Churn is a critical problem in the telecommunications industry, and companies go to great lengths to reduce the churn of their customer base.  One case study1 describes a telecommunications scenario involving understanding, and identification of, churn, where the underlying data is present in a star schema.  That case study is a good example for demonstrating just how natural it is for Oracle Data Mining to analyze a star schema, so it will be used as the basis for this series of posts.
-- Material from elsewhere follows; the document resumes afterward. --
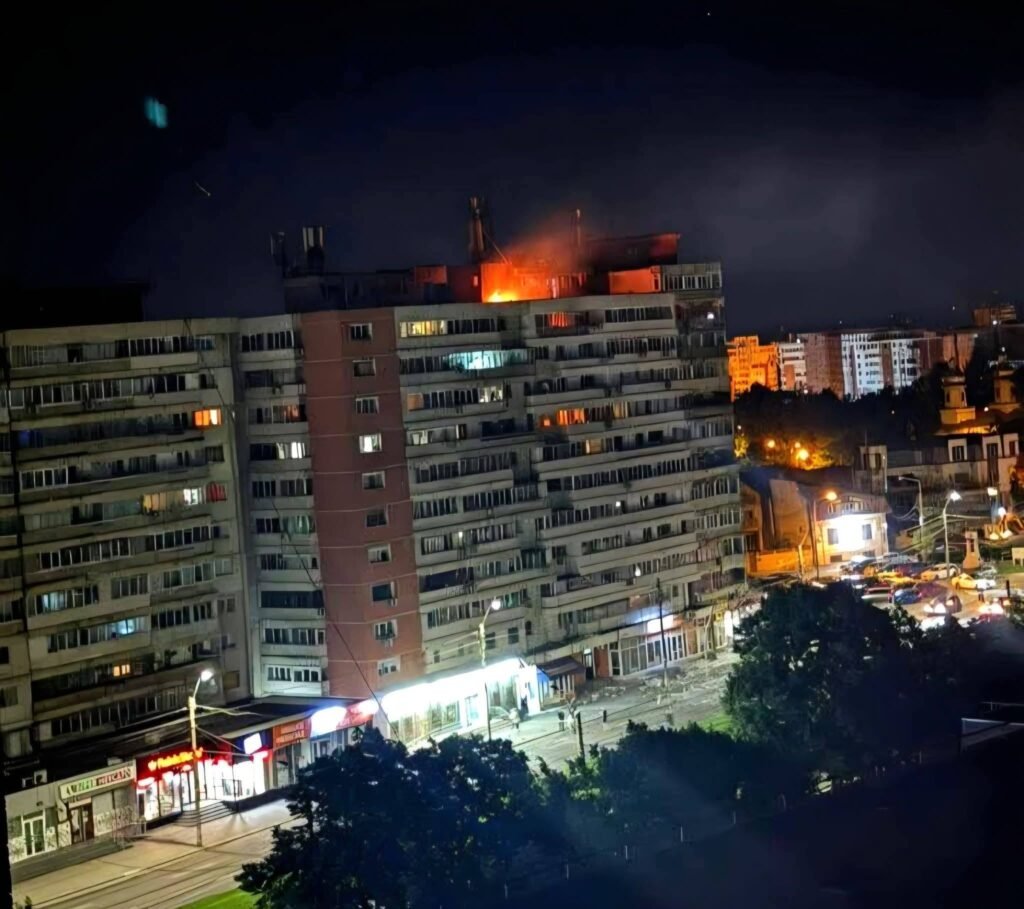 O dronă s-a prăbușit peste un bloc de locuințe în Galați. Explozie urmată de incendiu. Cel mai grav incident de la începutul războiului O dronă s-a prăbușit peste un bloc de locuințe în Galați. Explozie urmată de incendiu. Cel mai grav incident de la începutul războiului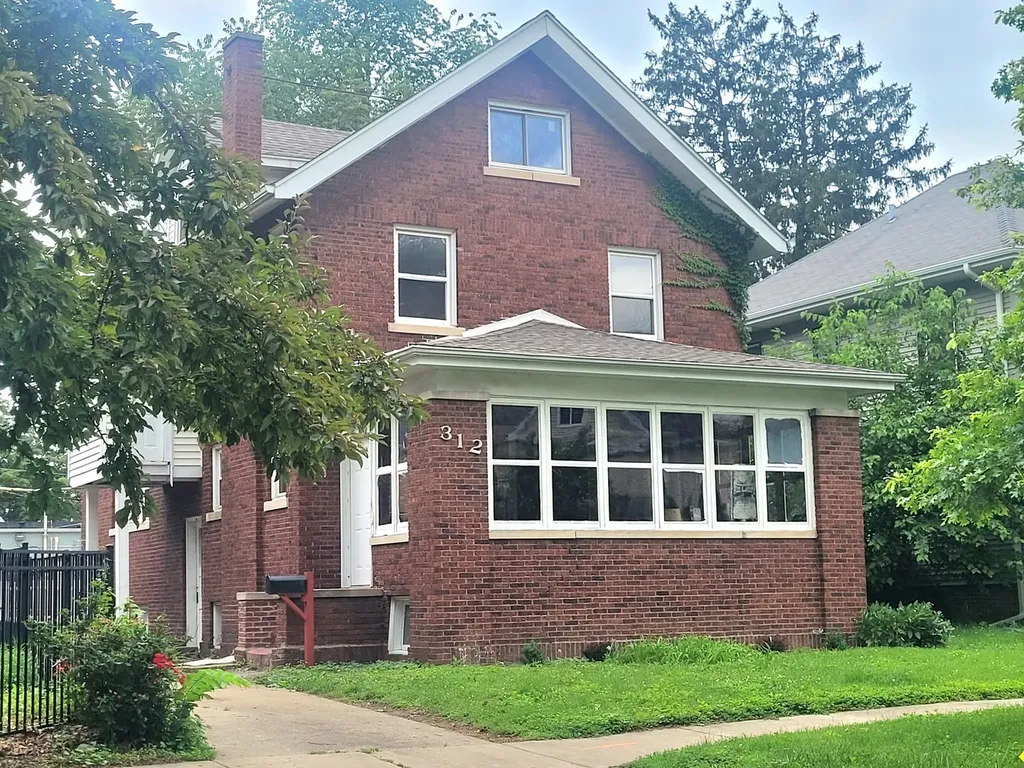 312 West White Street Champaign IL 61820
The case study schema includes four tables: CUSTOMERS, SERVICES, REVENUES, and CDR_T.  The CUSTOMERS table contains one row per customer, as does the SERVICES table, and both contain a customer id that can be used to join the tables together.  Most data mining tools are capable of handling this type of data, where one row of input corresponds to one case for mining.  The other two tables have multiple rows for each customer.  The CDR_T (call data records) table contains multiple records for each customer which captures calling behavior.  In the case study, this information is already pre-aggregated by type of call (peak, international, etc.) per month, but the information may also be available at a finer level of granularity.  The REVENUES table contains the revenue per customer on a monthly basis  for a five month history, so there are up to five rows per customer.  Capturing the information in the CDR_T and REVENUES table to help predict churn for a single customer requires collapsing all of this fact table information into a single "case" per customer.  Most tools will require pivoting the data into columns, which has the drawbacks of densifying data as well as pivoting data beyond column count limitations.  The data in a fact table is often stored in sparse form (this case study aggregates it to a denser form, but it need not be this way for other mining activities), and keeping it in sparse form is highly desirable.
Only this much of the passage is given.